Earlier in 2019, a published decision served as a reminder of the Department of Motor Vehicles’ (“DMV”) licensing board’s dedication to ensuring that license holders comply with applicable law, and refrain from actions it views as abusive of consumers. In Front Line Motor Cars v. Webb, 35 Cal. App. 5th 153 (2019)) the DMV prevailed on appeal in a challenge to its conditional revocation of a used car dealer’s license. The licensing board conditionally revoked the license on the basis that the dealer had violated the Rees Levering Auto Sales Finance Act (“Rees-Levering”) by refusing to return the purchaser’s down payments after it could not obtain financing on conditional sales contracts. The Dealer filed a writ petition challenging the DMV licensing board’s revocation of its license in Orange County Superior Court, lost, and appealed from the denial of its writ.
The appellate court focused its review on Civil Code section 2982.5, subsection d, the portion of Rees-Levering pertaining to seller assisted loans, rather than section 2982.5, subsection b, pertaining to bona fide credit sales. (Both types of transactions require that a down payment be returned where financing is denied and the seller refuses to proceed with the transaction. The significant difference between these transactions is that a dealer can receive a commission for bona fide credit sale made pursuant to a conditional sales contract, but cannot receive such a commission in a seller assisted loan transaction.) A bona fide credit sale under the Rees-Levering Auto Sales Finance Act requires the seller to rescind if it cannot obtain financing and does not wish to finance the transaction itself. The Court found that the dealer never intended to make credit sales, because it did not return the down payments in a large number of transactions and breached the terms of the conditional sales contracts itself, which required the return of the down payments. The Court reasoned that the foregoing, when coupled with the dealer’s knowledge of the financial services industry, and his invitations to consumers to sue him in response to their request for a return of their down payment, indicated he only intended to be bound by the provisions of the conditional sales contracts if financing was obtained from a third-party. The Court thus concluded these transactions were really seller assisted loans, where the dealer intended only to contract with the purchaser if the financing was secured. On that basis the Court of Appeal affirmed the conditional revocation of the dealer license, finding that the dealer violated Rees-Levering’s provisions on seller assisted loan transactions which require that down payments be returned when the financing cannot be secured.
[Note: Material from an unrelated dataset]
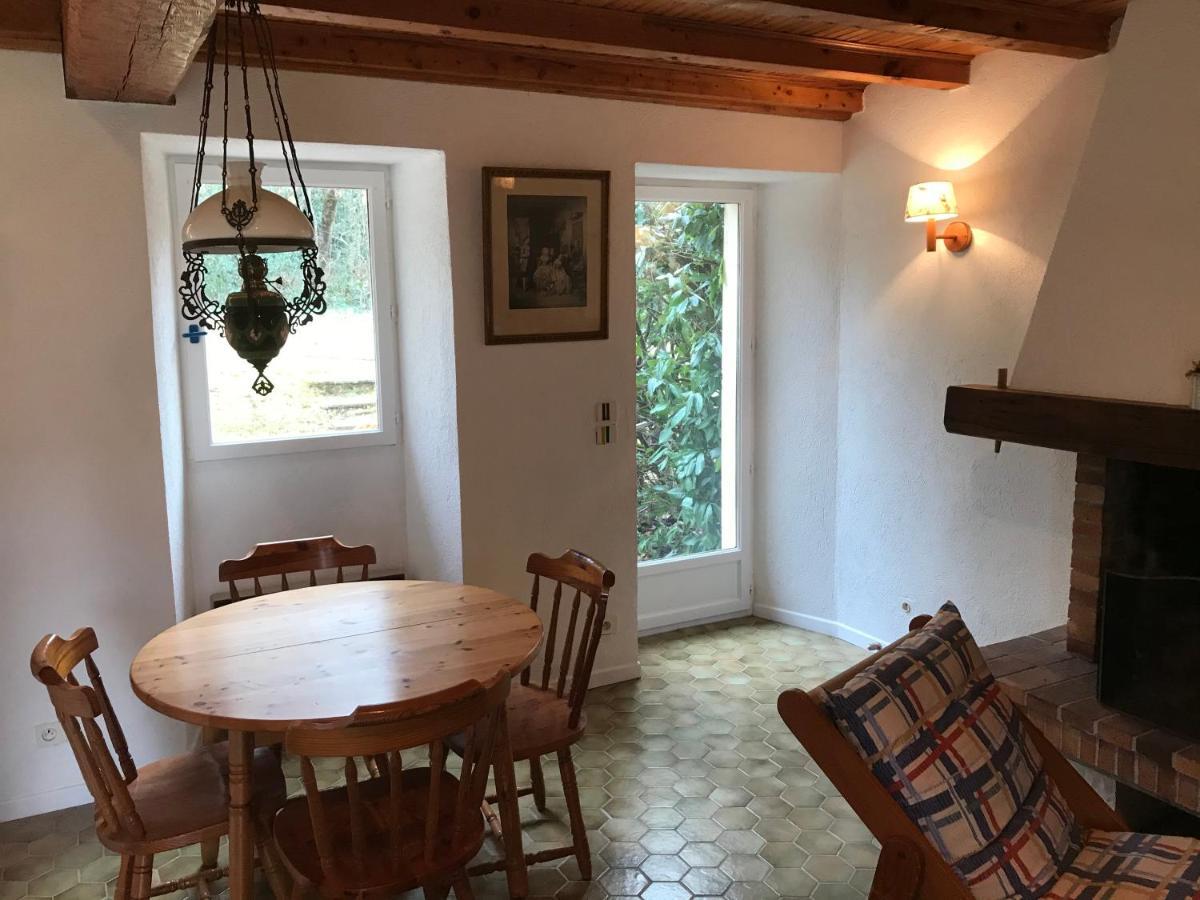Gite 4 Personnes Situe Aux Portes Du Perigord Saint-Adjutory المظهر الخارجي الصورة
As interesting as one may find the Court’s hyper-technical analysis of the applicable statutory provisions, the most generally applicable moral of this story is that the DMV is aggressive. Due to its power to revoke a license, a DMV enforcement action can literally mean the death of a dealership. What’s more surprising, is that a DMV administrative disciplinary proceeding, or “accusation” that could result in the revocation of a license can be initiated with the provision of notice by certified mail. In other words, do not simply expect legal service from the DMV to come through an agent for service of process. DMV can and does send certified mail to the address on the dealer’s license, the showroom, pursuant to Government Code section 11505. Ensuring mail protocols are followed and that those that sign for mail are held accountable for placing mail before those that need to see it, can literally ensure that a dealer retains the ability to operate.